(Image-caption web data)
---

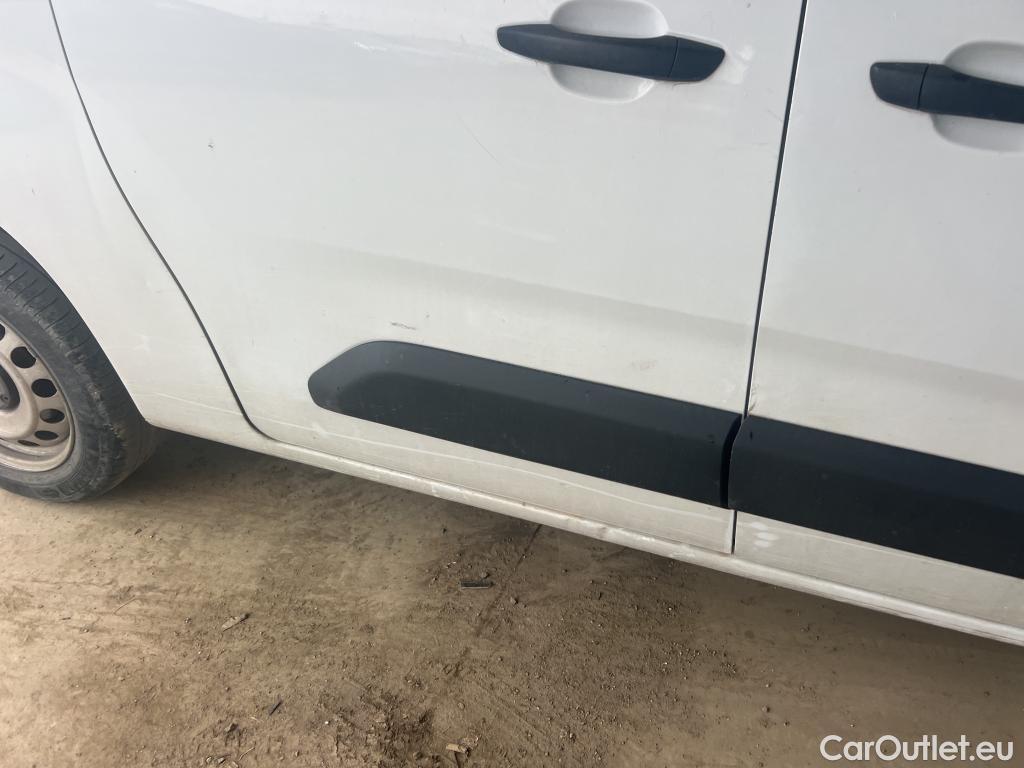  Opel  Combo OPEL  / 2018 / 4P / furgón derivado de turismo Cargo XL 1000kg Diesel 1.5 100HP S&S MT #5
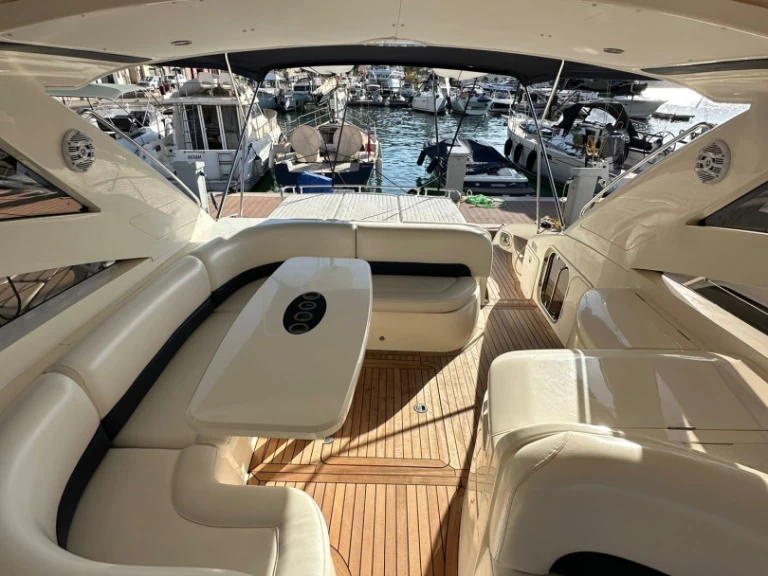 Yate de lujo para alquilar Mahón al mejor precio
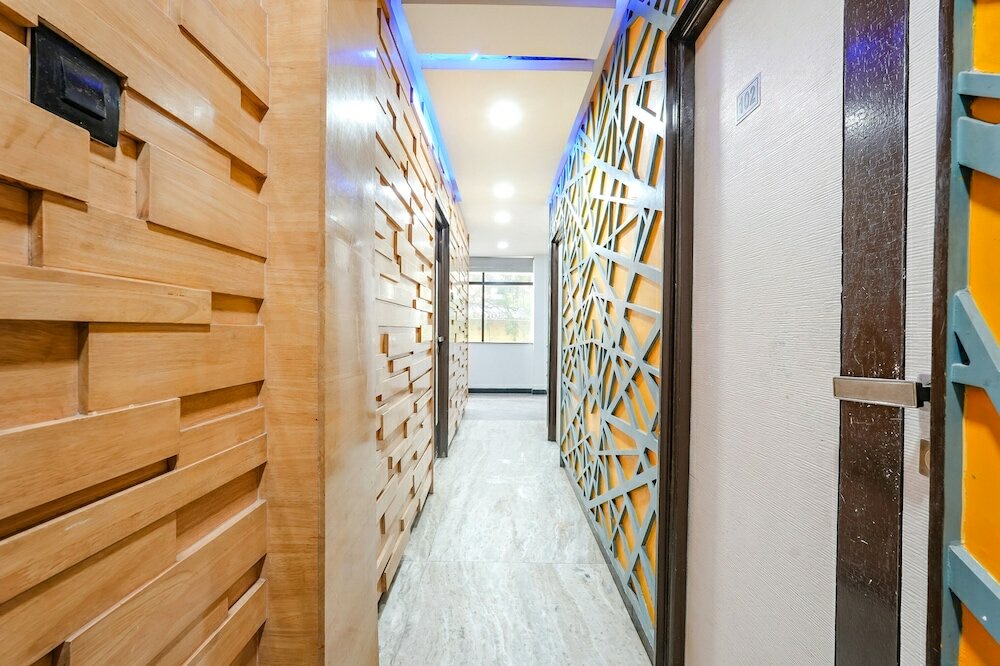 Фото Fabexpress Raj Supreme Residency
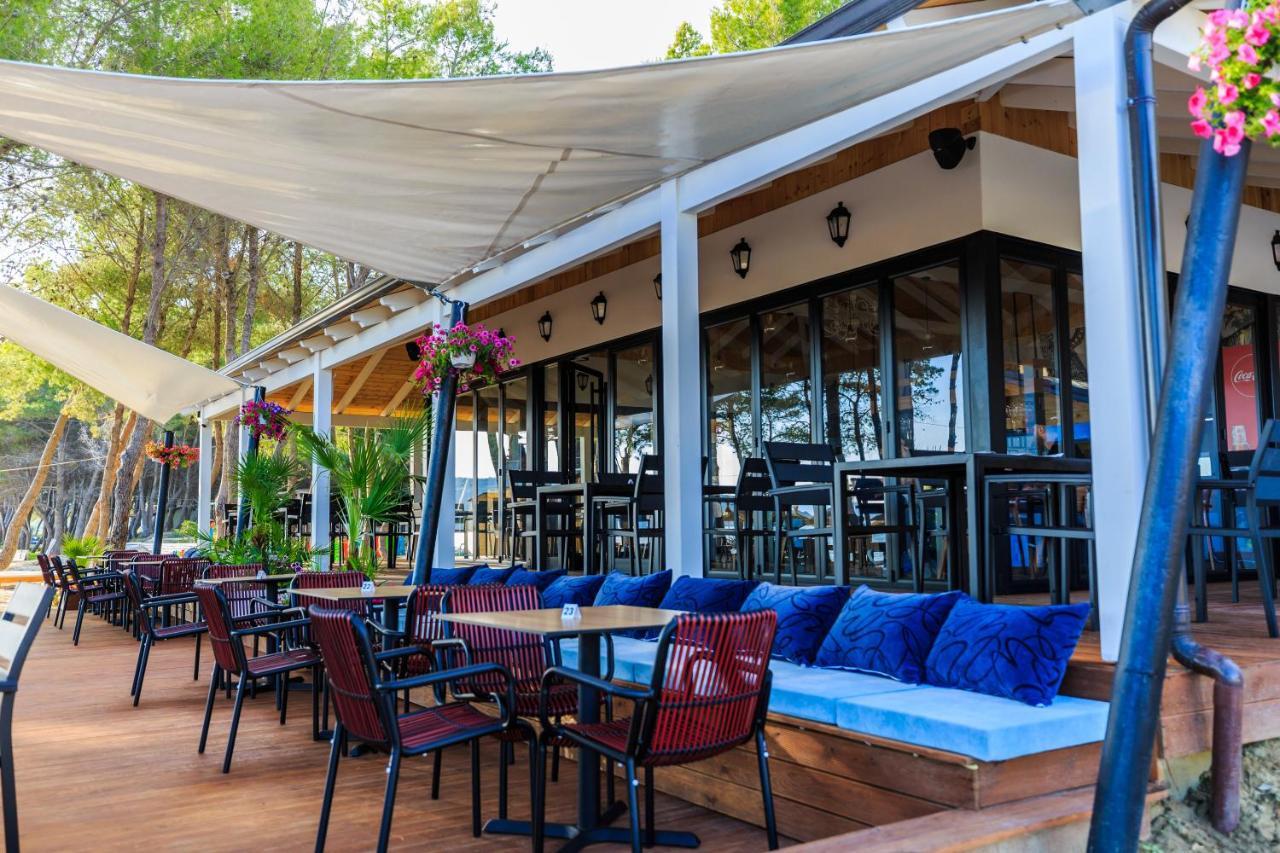 Ecuador Resort Zvernec Экстерьер фото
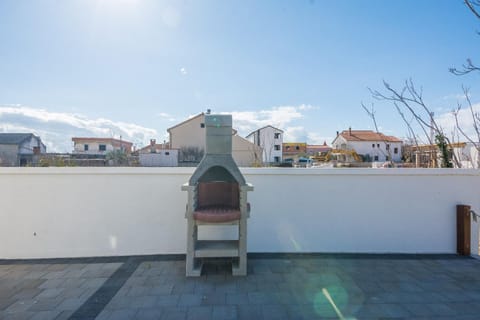 Property building, Facade/entrance, BBQ facilities, Garden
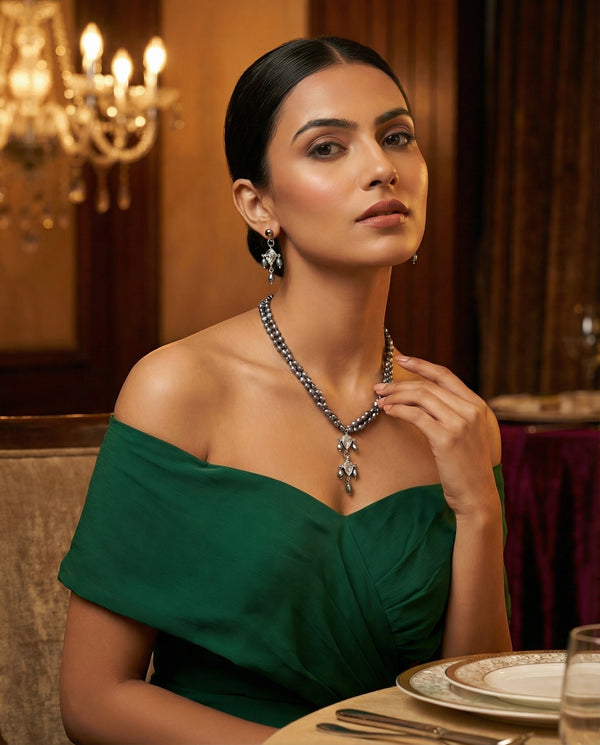 Vintage-Style Black Pearl Jewellery Set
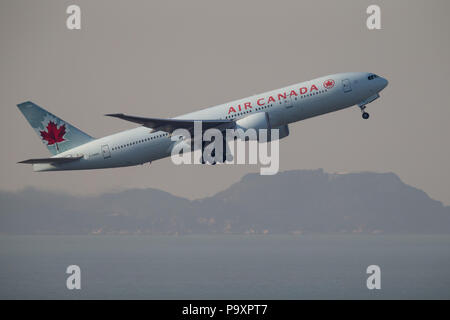 Die Boeing 777-200zivilen jet Flugzeug der Air Canada in der Luft nach der Abfahrt zum Internationalen Flughafen Hong Kong, China. Stockfoto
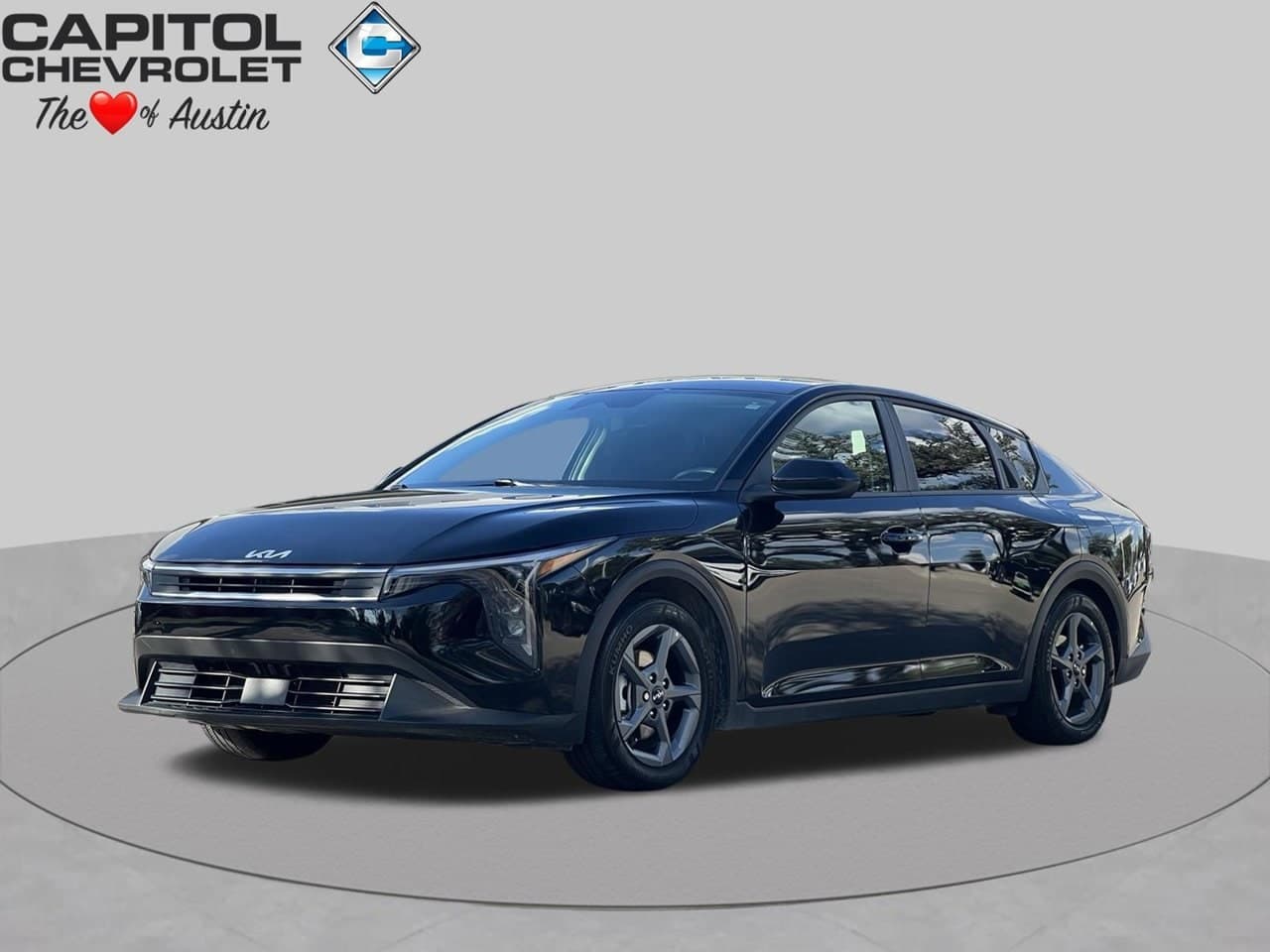 2025 Kia K4 LXS — photo 1 of 28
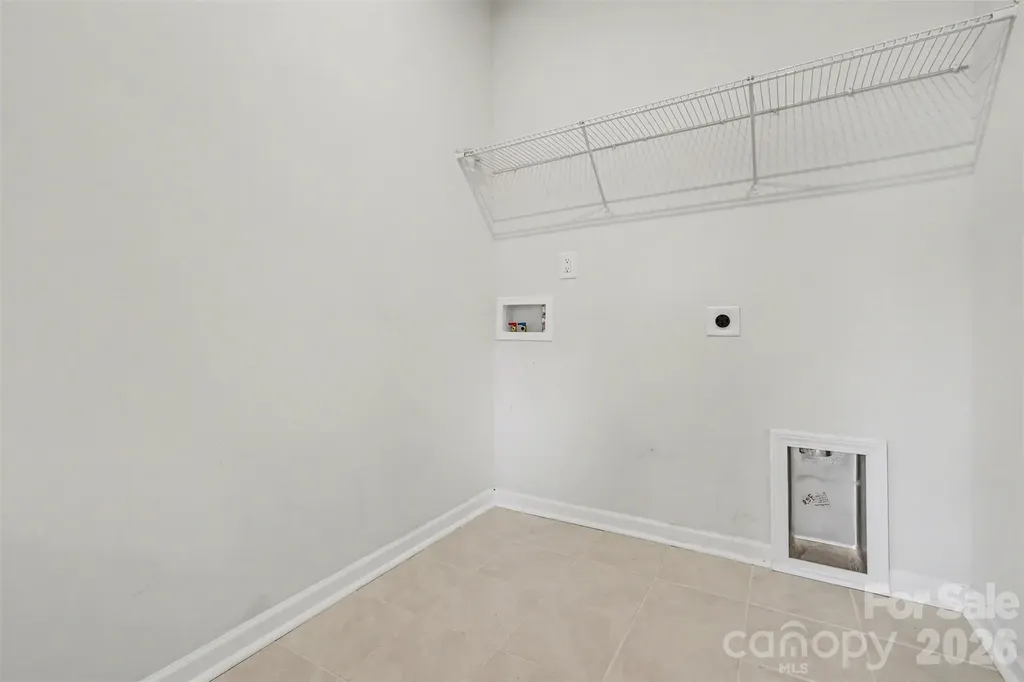 105 Renny Alley Charlotte NC 28217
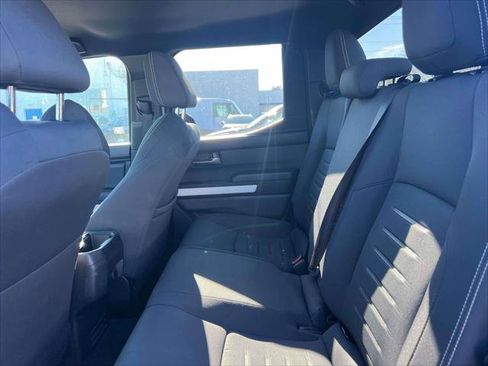 Used 2024 Toyota Tacoma TRD Off-Road image 9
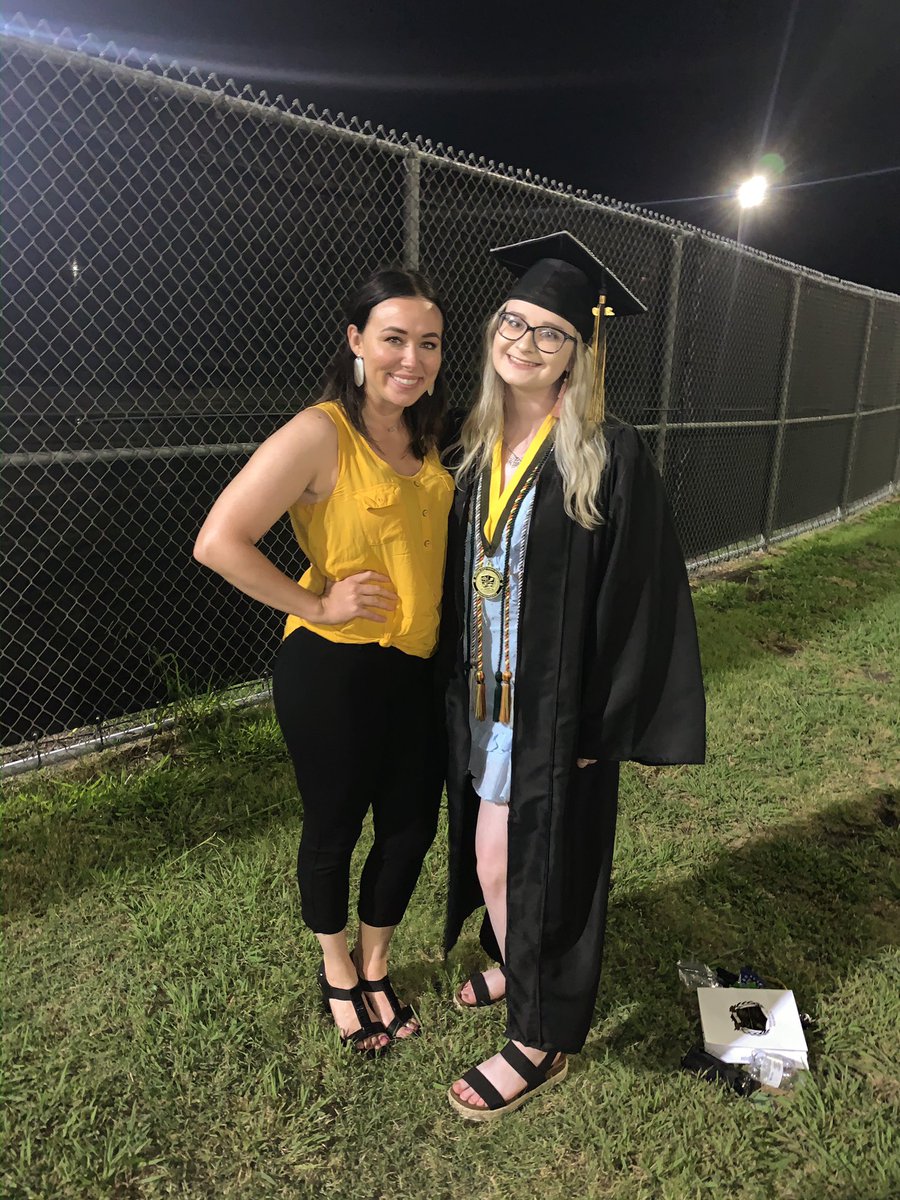 kayleighvenable's tweet photo. the day finally arrived. couldn’t be happier to have spent my 4 years at rchs💛 @RoyseCityHS thank you for an incredible night. https://t.co/JbhC3s3hvY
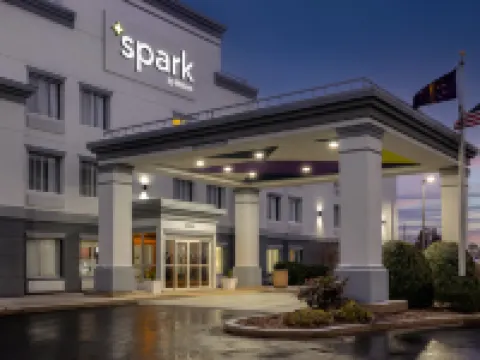 Spark by Hilton Evansville East, IN Hotels in Vanderburgh County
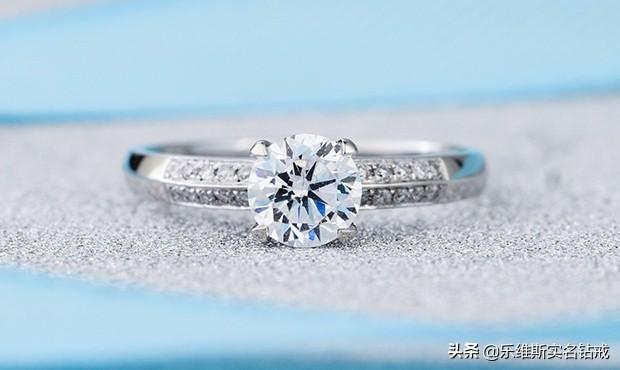求婚钻石戒指,求婚钻戒跟结婚对戒区别-第1张图片-翡翠网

---

Your copy should hold exactly the lines from the one with "Used 2024 Toyota Tacoma TRD Off-Road image 9" through the final line of the records, both ends included, and no pictures.

 Used 2024 Toyota Tacoma TRD Off-Road image 9
 kayleighvenable's tweet photo. the day finally arrived. couldn’t be happier to have spent my 4 years at rchs💛 @RoyseCityHS thank you for an incredible night. https://t.co/JbhC3s3hvY
 Spark by Hilton Evansville East, IN Hotels in Vanderburgh County
求婚钻石戒指,求婚钻戒跟结婚对戒区别-第1张图片-翡翠网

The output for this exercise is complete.